**PROBLEM STATEMENT**
Copy every line of the data below exactly as given, except for the pictures.

────────────────────────────────────────

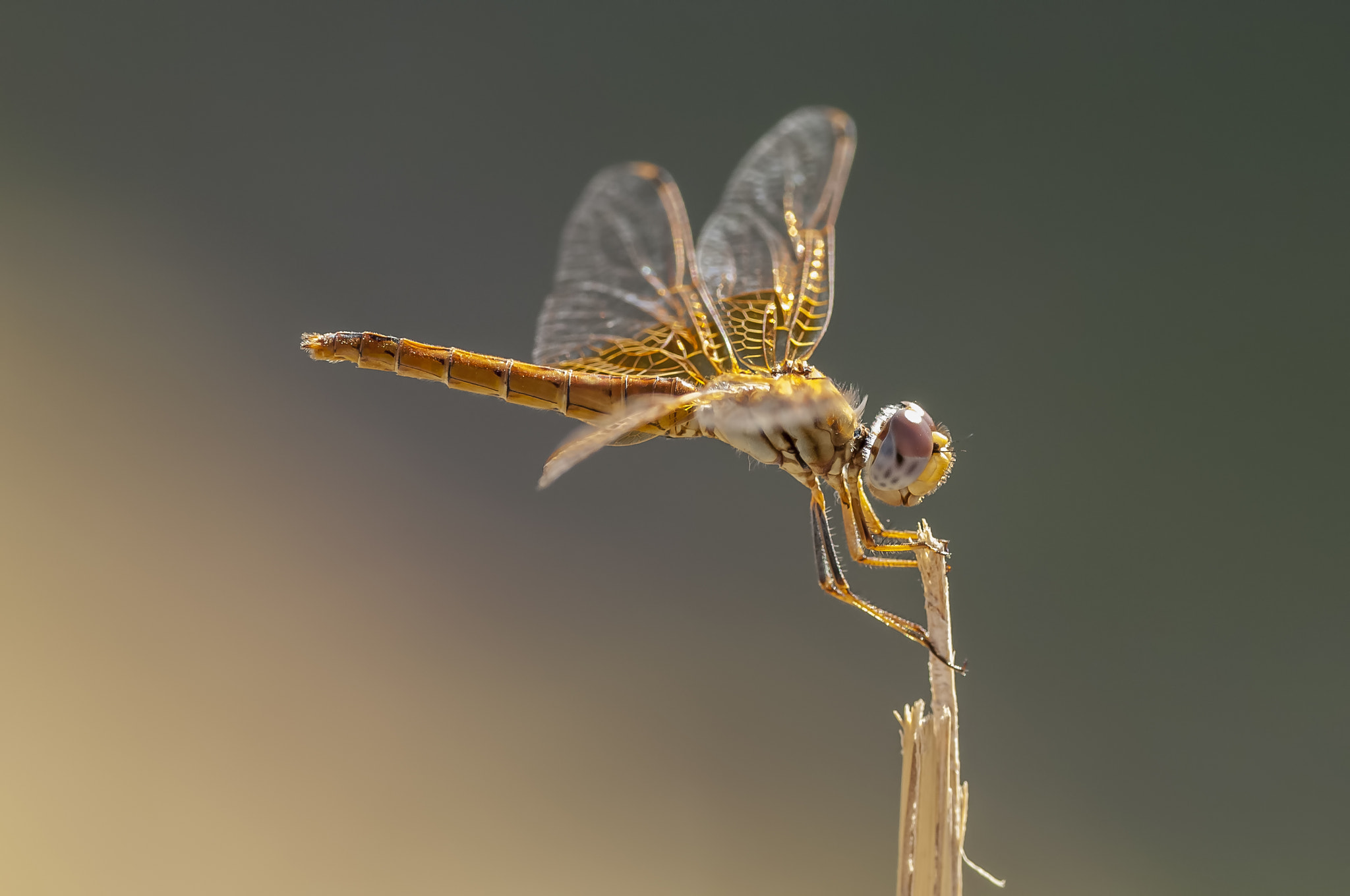 Nikon D2Xs sample photo. ♀ trithemis kirbyi  photography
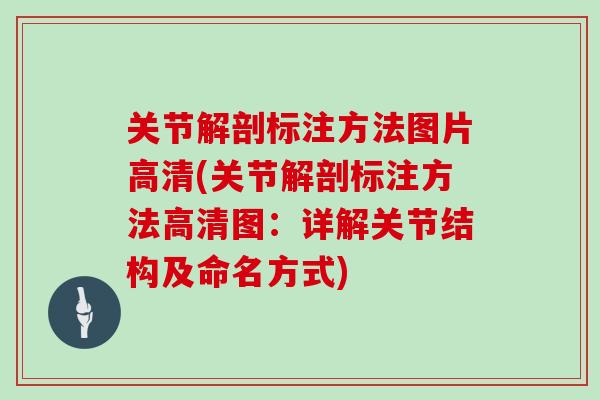 关节解剖标注方法图片高清(关节解剖标注方法高清图:详解关节结构及命名方式) 关节解剖标注方法图片高清(关节解剖标注方法高清图:详解关节结构及命名方式)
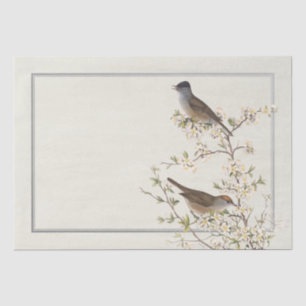 Vintage Birds on Flowering Branch Silver Border  Tissue Paper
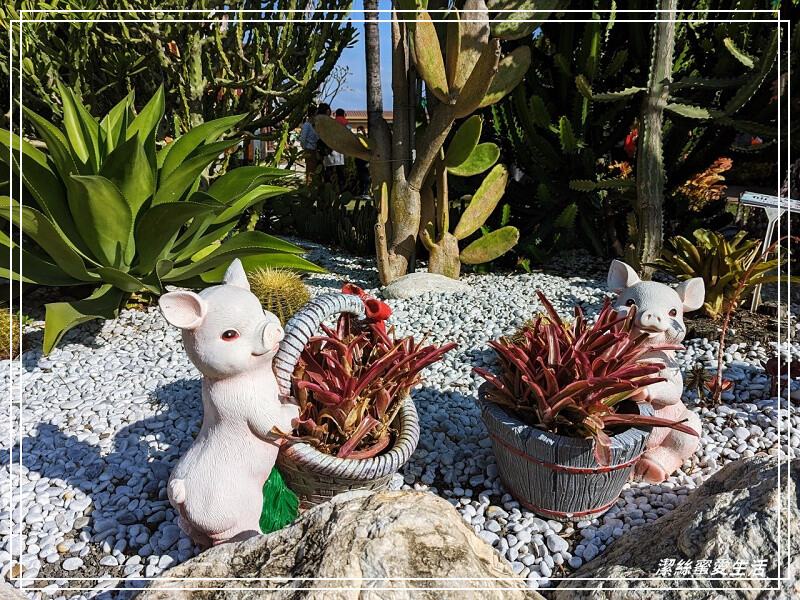 嘉義縣民雄鄉三隻小豬觀光農場-嘉義民雄/少少門票大大玩樂!超多動物x遊樂區xDIY~欲罷不能的童話世界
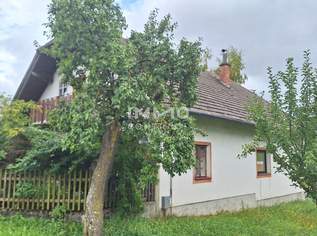 günstiges Wohnhaus mit ca. 125 m² Wohnfläche in Friedreichs auf 295 m² Grund - Sanierungsbedarf, 59000 €, Immobilien-Häuser in 3922 Friedreichs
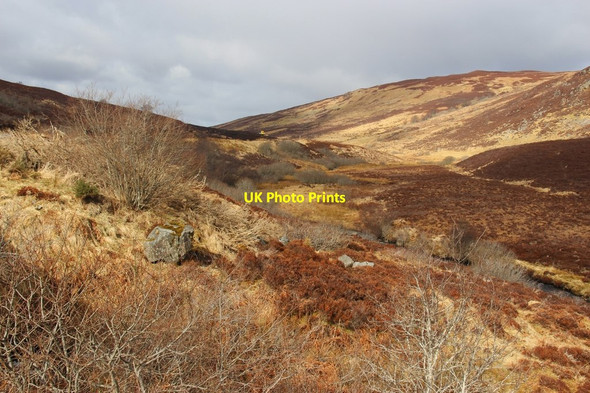 Photo 6"x4" Moorland and riverside scrub in Srath Carnaig Abhainn an t-Sratha Charnaig c2013
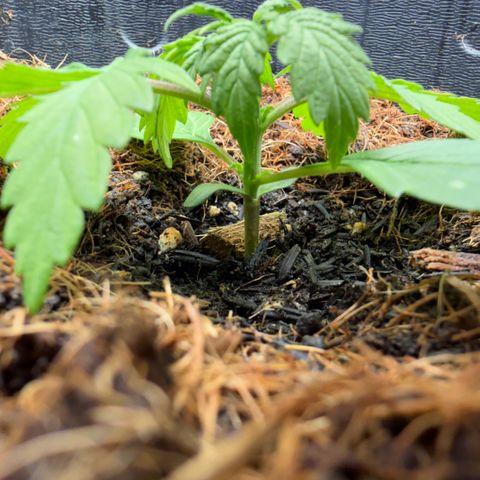 Lemonade Auto growlog timeline photo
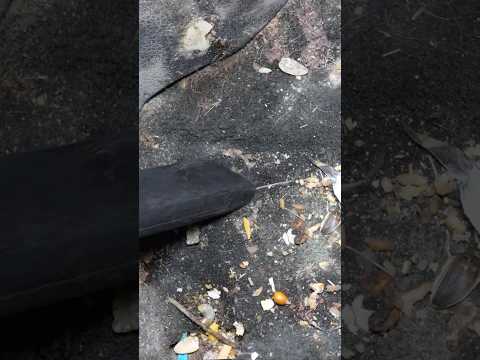 My Vacuuming POV! thumbnail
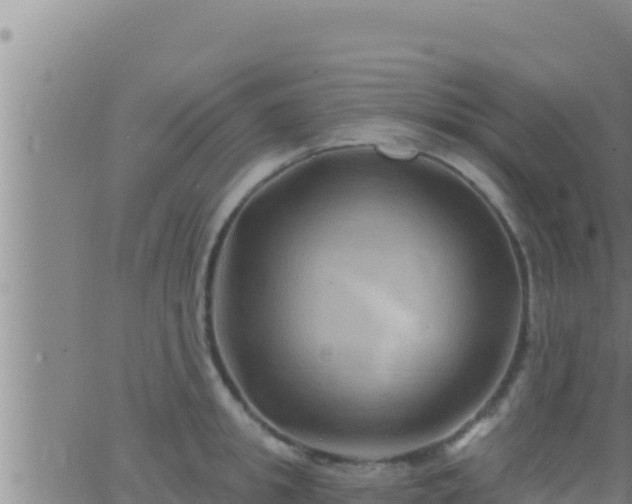 X0000062910949200601201933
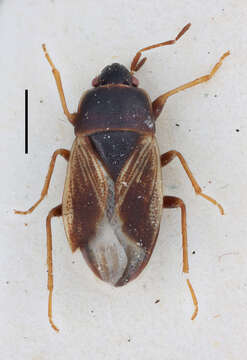 صورة Sweetolethaeus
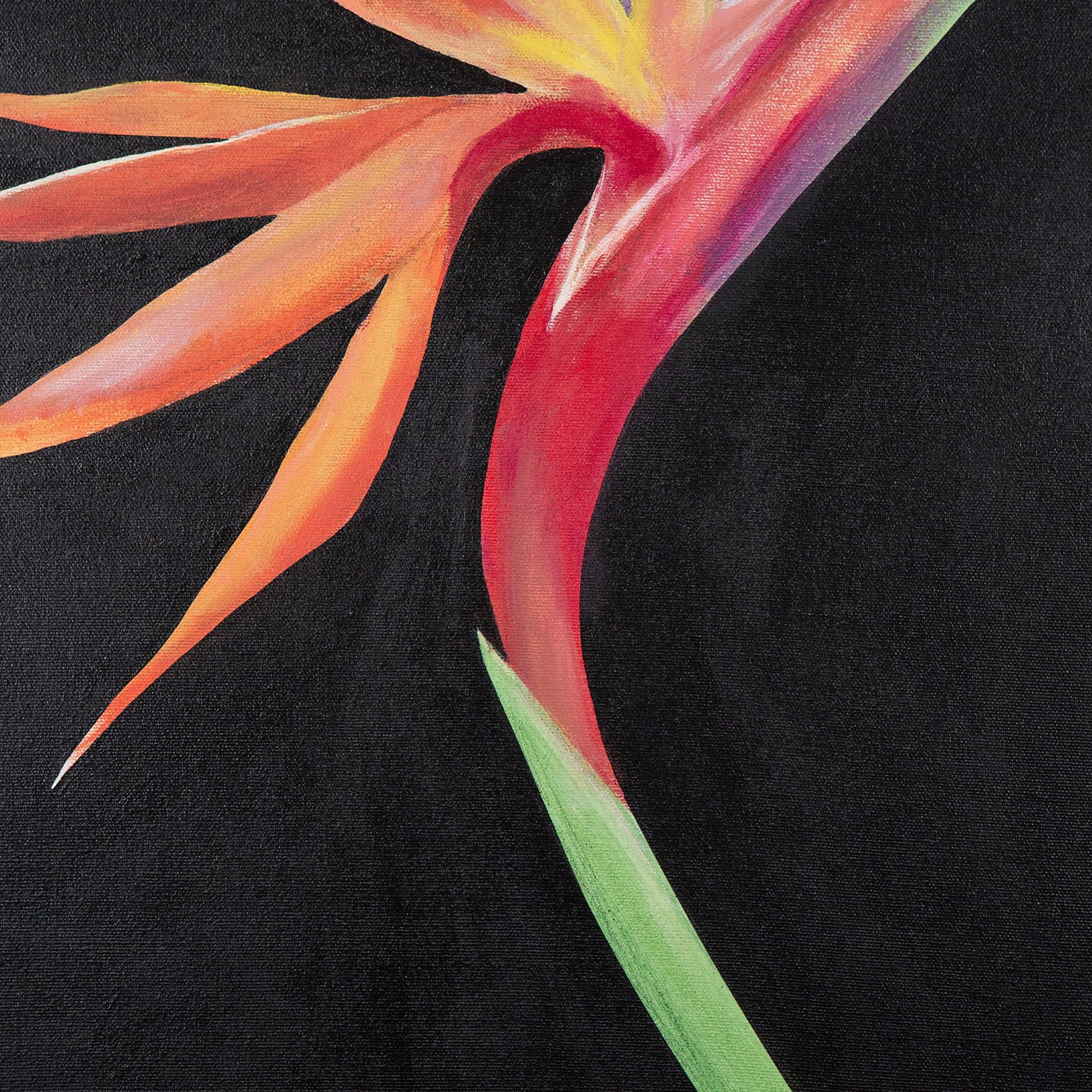 CHARLES PACHTER "BIRD OF PARADISE" ACRYLIC ON CANVAS, 2021 - Image 5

────────────────────────────────────────

**REPLY TO THE TASK**
 Nikon D2Xs sample photo. ♀ trithemis kirbyi  photography
 关节解剖标注方法图片高清(关节解剖标注方法高清图:详解关节结构及命名方式) 关节解剖标注方法图片高清(关节解剖标注方法高清图:详解关节结构及命名方式)
 Vintage Birds on Flowering Branch Silver Border  Tissue Paper
 嘉義縣民雄鄉三隻小豬觀光農場-嘉義民雄/少少門票大大玩樂!超多動物x遊樂區xDIY~欲罷不能的童話世界
 günstiges Wohnhaus mit ca. 125 m² Wohnfläche in Friedreichs auf 295 m² Grund - Sanierungsbedarf, 59000 €, Immobilien-Häuser in 3922 Friedreichs
 Photo 6"x4" Moorland and riverside scrub in Srath Carnaig Abhainn an t-Sratha Charnaig c2013
 Lemonade Auto growlog timeline photo
 My Vacuuming POV! thumbnail
 X0000062910949200601201933
 صورة Sweetolethaeus
 CHARLES PACHTER "BIRD OF PARADISE" ACRYLIC ON CANVAS, 2021 - Image 5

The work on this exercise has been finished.